= Data records =

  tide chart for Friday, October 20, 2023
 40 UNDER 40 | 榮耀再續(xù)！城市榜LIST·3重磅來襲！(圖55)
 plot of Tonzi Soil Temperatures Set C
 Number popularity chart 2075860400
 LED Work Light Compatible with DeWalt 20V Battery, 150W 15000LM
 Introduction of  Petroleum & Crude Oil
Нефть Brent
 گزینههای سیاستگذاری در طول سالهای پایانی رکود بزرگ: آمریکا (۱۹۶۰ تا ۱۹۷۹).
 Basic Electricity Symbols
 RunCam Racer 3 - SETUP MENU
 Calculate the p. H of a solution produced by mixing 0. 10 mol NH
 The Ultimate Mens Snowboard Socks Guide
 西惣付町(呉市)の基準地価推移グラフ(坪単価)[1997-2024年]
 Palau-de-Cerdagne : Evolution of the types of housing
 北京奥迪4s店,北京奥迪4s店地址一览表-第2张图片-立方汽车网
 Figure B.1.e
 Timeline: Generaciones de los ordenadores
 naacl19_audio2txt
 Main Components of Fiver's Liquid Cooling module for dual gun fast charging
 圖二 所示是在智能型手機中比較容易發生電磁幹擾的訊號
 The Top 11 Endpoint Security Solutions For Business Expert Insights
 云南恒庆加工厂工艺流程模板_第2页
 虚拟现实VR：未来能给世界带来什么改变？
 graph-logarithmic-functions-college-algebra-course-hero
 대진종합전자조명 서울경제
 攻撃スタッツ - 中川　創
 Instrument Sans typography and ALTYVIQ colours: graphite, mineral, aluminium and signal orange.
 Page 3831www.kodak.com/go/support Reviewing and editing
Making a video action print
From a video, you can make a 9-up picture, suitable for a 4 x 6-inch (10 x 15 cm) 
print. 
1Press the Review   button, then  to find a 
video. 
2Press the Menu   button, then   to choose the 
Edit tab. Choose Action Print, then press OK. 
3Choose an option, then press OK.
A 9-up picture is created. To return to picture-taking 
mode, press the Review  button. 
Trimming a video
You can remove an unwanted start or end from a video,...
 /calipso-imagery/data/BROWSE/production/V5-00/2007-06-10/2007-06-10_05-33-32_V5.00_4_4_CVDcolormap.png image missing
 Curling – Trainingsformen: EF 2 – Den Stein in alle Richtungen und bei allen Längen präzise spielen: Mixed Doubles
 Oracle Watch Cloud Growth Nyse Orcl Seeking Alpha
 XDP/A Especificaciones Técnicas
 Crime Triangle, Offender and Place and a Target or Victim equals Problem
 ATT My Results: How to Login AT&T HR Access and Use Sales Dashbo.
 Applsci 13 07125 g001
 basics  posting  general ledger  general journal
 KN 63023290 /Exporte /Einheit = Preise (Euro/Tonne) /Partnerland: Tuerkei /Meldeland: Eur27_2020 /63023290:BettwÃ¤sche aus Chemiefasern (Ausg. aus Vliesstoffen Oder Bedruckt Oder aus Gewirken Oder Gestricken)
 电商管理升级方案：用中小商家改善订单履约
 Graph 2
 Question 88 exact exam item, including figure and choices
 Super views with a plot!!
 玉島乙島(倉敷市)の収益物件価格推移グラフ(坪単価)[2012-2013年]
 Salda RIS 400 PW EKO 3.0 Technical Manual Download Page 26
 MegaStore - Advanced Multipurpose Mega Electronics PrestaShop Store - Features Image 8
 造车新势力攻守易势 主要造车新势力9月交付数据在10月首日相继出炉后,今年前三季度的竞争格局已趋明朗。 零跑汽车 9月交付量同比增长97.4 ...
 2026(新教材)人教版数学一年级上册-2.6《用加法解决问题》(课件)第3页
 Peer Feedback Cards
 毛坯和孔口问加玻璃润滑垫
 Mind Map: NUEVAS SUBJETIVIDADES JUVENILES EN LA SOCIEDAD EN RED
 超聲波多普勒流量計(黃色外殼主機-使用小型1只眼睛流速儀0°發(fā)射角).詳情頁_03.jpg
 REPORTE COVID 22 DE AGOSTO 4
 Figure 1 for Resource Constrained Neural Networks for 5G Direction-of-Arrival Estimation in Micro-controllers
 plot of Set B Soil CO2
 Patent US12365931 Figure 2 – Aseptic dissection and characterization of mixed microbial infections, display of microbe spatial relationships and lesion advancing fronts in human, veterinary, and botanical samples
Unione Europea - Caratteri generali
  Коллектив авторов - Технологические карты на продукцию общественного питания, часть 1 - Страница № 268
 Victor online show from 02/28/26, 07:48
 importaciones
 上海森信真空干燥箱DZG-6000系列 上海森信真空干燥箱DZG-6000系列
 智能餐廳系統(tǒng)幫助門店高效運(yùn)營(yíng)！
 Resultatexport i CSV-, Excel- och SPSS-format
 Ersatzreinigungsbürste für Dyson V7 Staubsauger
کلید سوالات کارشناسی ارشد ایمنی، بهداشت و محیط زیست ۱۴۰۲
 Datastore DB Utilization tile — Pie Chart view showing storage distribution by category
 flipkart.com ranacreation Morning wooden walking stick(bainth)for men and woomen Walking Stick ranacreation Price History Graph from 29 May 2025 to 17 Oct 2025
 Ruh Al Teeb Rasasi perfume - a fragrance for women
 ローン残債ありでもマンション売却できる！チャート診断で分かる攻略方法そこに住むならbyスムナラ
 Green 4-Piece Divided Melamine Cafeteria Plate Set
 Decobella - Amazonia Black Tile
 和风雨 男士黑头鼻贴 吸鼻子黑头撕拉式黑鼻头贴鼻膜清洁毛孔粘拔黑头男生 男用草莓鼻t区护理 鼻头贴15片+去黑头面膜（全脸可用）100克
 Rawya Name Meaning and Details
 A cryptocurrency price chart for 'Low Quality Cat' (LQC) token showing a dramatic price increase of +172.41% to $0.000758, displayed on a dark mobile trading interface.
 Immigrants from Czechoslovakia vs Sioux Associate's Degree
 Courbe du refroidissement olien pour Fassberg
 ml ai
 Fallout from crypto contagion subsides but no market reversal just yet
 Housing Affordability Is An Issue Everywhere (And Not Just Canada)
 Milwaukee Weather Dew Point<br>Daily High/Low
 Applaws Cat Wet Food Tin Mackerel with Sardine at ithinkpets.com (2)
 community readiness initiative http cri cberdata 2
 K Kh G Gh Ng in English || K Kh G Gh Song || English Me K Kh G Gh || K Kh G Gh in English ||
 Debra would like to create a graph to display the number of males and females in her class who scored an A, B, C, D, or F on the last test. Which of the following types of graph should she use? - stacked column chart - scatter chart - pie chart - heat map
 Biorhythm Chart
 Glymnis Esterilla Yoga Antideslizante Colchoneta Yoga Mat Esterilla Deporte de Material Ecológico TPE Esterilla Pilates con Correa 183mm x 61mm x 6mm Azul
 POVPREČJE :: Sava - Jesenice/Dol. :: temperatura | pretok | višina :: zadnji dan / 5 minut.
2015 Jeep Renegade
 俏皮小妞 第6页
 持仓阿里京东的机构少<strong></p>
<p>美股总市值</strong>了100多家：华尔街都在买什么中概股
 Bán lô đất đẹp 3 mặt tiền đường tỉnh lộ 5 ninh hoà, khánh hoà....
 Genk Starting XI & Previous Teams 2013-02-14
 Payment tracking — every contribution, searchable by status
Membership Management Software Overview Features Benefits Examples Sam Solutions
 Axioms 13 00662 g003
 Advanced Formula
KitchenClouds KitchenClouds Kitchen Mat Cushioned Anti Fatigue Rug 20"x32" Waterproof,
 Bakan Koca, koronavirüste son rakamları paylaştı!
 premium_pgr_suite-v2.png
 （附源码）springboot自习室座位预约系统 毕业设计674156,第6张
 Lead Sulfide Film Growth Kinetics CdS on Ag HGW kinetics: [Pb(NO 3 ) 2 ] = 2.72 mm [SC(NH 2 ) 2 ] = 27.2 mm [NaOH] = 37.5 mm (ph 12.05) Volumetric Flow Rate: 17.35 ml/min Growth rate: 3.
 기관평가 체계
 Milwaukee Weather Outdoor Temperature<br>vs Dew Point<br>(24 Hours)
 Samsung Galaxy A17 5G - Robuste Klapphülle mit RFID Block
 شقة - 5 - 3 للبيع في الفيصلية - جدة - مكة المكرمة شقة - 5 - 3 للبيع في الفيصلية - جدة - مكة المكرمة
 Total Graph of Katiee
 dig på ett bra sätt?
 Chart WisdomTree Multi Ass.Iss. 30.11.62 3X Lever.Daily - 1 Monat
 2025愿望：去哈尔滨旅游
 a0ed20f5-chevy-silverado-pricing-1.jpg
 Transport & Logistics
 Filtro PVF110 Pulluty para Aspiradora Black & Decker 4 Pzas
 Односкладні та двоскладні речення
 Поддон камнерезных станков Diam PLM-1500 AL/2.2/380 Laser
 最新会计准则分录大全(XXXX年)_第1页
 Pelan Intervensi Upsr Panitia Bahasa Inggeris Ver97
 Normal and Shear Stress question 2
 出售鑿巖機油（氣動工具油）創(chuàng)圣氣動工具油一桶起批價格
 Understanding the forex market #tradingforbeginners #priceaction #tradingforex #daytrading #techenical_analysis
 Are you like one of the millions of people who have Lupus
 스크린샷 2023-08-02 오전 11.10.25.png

= WHAT YOU WILL DO =
Only one stretch of the data above is needed. Restate it word for word, from the line containing "Коллектив авторов - Технологические" through the line containing "Rawya Name Meaning and Details", both ends included.

= RESULT FOR THIS TASK =
  Коллектив авторов - Технологические карты на продукцию общественного питания, часть 1 - Страница № 268
 Victor online show from 02/28/26, 07:48
 importaciones
 上海森信真空干燥箱DZG-6000系列 上海森信真空干燥箱DZG-6000系列
 智能餐廳系統(tǒng)幫助門店高效運(yùn)營(yíng)！
 Resultatexport i CSV-, Excel- och SPSS-format
 Ersatzreinigungsbürste für Dyson V7 Staubsauger
کلید سوالات کارشناسی ارشد ایمنی، بهداشت و محیط زیست ۱۴۰۲
 Datastore DB Utilization tile — Pie Chart view showing storage distribution by category
 flipkart.com ranacreation Morning wooden walking stick(bainth)for men and woomen Walking Stick ranacreation Price History Graph from 29 May 2025 to 17 Oct 2025
 Ruh Al Teeb Rasasi perfume - a fragrance for women
 ローン残債ありでもマンション売却できる！チャート診断で分かる攻略方法そこに住むならbyスムナラ
 Green 4-Piece Divided Melamine Cafeteria Plate Set
 Decobella - Amazonia Black Tile
 和风雨 男士黑头鼻贴 吸鼻子黑头撕拉式黑鼻头贴鼻膜清洁毛孔粘拔黑头男生 男用草莓鼻t区护理 鼻头贴15片+去黑头面膜（全脸可用）100克
 Rawya Name Meaning and Details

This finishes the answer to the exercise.